The three plants that I picked up tonight are regular houseplants and none of them are Wisconsin native species. They are more representative of tropical or subtropical areas, but I'm going to use them as stand-ins for the native WI plants.

Here's a quick list of what I got...


_Nephrolepis exaltata_
_Ficus pumila_
another NOID fern

Both of the ferns more or less resemble wild ferns that we have around here. I can't think of any native plants that look like a F. pumila, but I think it will fit more or less.


----------



## hydrophyte (Jun 5, 2009)

Alright, I just learned something; _Nephrolepis exaltata_ is the ultra-common Boston fern. However, this plant that I have looks different. The foliage seems more erect, so I think I think it will look better in there than the kind of Boston fern that is grown in hanging baskets. The foliage is also more frilly.

Wow--this is an edit--I just found a complete list of Wi fern species...

http://www.uwgb.edu/biodiversity/herbarium/pteridophytes/fern_list01.htm

This Boston fern looks a lot like our native Christmas fern, _Polystichum acrostichoides_.


----------



## hydrophyte (Jun 5, 2009)

Another aspect of this setup that I am putting together is a shadowbox background. I am not using any kind of 3D background, so the rear glass panel needs to be resolved somehow.

I found this journal thread example from reefcentral.com...

Reefcentral.com: My Shadowbox Background Project

Here is that first picture that he posted, also an example, quoted...



euromomtx said:


>


I intend to use a different, simpler kind of approach that will not involve a 3D form in the background. I am going to instead use a frosted acetate sheet, "drafting film", along with a 2D background image printed onto a clear plastic films

These pictures are form another project, but this is how I'll build the simple shadowbox frame with 3/8" square birch dowels.




























This made a real nice sturdy frame.

I attached the matte acetate sheet with some double-sided tape.

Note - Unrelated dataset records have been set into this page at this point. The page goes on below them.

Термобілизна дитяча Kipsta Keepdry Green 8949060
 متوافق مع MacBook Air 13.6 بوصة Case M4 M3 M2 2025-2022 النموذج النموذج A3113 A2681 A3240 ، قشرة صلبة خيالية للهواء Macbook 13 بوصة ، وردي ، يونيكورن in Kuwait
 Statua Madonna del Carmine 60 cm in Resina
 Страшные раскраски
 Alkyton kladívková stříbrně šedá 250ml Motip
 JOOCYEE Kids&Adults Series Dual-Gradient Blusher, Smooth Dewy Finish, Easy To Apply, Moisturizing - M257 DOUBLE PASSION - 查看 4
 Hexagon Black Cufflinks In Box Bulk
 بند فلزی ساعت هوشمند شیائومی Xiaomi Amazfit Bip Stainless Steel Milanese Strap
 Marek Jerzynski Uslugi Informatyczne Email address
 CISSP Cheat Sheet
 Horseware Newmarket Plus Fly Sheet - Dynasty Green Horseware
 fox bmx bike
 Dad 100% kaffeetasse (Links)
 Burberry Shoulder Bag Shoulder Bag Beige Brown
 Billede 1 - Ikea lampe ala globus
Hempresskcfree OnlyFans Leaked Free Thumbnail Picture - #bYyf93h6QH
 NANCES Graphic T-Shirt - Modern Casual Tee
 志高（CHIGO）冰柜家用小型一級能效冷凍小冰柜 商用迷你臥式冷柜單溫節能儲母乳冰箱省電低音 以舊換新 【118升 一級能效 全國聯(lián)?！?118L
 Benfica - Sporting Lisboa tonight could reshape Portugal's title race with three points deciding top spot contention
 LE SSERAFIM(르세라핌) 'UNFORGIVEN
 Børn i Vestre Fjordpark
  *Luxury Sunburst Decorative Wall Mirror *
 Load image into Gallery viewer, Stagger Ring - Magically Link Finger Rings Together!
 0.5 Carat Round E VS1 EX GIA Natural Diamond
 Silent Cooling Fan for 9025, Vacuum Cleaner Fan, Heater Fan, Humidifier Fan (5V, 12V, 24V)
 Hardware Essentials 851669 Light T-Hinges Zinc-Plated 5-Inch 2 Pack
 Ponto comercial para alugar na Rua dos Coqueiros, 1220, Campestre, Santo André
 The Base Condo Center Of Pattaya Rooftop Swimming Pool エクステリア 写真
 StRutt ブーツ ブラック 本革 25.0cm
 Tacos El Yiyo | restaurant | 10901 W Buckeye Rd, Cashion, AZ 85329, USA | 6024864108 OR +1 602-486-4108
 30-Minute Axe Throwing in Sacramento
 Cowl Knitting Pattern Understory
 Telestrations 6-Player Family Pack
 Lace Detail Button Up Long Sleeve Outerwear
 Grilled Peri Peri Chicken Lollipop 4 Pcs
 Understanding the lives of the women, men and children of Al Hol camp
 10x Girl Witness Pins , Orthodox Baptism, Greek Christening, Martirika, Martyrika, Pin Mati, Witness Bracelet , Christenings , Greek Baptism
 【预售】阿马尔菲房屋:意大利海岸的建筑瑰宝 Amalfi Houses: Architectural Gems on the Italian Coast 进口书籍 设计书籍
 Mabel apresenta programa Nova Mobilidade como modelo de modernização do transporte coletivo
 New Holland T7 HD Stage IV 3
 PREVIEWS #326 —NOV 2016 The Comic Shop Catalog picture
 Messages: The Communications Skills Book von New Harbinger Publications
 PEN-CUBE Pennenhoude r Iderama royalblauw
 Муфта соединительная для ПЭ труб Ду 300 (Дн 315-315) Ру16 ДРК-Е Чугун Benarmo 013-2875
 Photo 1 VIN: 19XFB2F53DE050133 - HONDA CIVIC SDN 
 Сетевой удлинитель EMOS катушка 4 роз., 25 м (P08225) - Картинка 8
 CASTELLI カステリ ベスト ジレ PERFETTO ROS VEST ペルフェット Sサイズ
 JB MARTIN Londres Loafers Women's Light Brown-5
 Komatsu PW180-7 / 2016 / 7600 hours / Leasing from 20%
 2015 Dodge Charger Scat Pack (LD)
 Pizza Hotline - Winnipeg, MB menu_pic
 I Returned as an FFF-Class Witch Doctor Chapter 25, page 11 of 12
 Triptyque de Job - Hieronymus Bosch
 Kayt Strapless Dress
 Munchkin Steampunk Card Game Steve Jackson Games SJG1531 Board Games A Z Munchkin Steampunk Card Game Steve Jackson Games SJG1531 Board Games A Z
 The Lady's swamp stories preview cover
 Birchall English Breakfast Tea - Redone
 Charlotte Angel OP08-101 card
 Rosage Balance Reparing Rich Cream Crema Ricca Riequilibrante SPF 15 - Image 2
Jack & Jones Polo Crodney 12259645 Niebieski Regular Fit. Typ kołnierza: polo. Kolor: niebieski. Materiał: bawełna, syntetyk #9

Here is the effect that the acetate sheet gives with an opaque image placed right behind. I got the "double-sided" sheet so it is pretty frosty. When it is placed right up against and opaque image you can still make out some of the detail, but it is obscured. When 3/8" away the background image is strongly obscured and blurry. This is intended to create a sense of visual depth. 










I haven't gotten around to it yet, but I intend to crop a a rectangular image from this...


----------



## Baltimore Bryan (Sep 6, 2006)

That's a neat idea with the background. I saw that thread on RC with the reef and it looks awesome, but it seems like a lot of work and extra supplies just for a background. I hadn't thought of just making a photo background blurry to make it seem farther off. I guess you could even use multiple layers of the acetate sheet stuff in some parts of the background to give appearance of layered space, and only one layer in closer parts. 
I'm very interested in seeing how this turns out, I might try it with some of my vivs if it looks good.
Bryan


----------



## hydrophyte (Jun 5, 2009)

Yeah that reefcentral project was pretty involved, and bulky too, but it should be possible to get similar results with the right combination of images, films and lighting. I just need to make some more time I am going to tinker with it some more. 

That drafting film is real nice for diffusing light. Here is a quick shot of the riparium where I have the first frame set up, backlit and with the tank lights turned off.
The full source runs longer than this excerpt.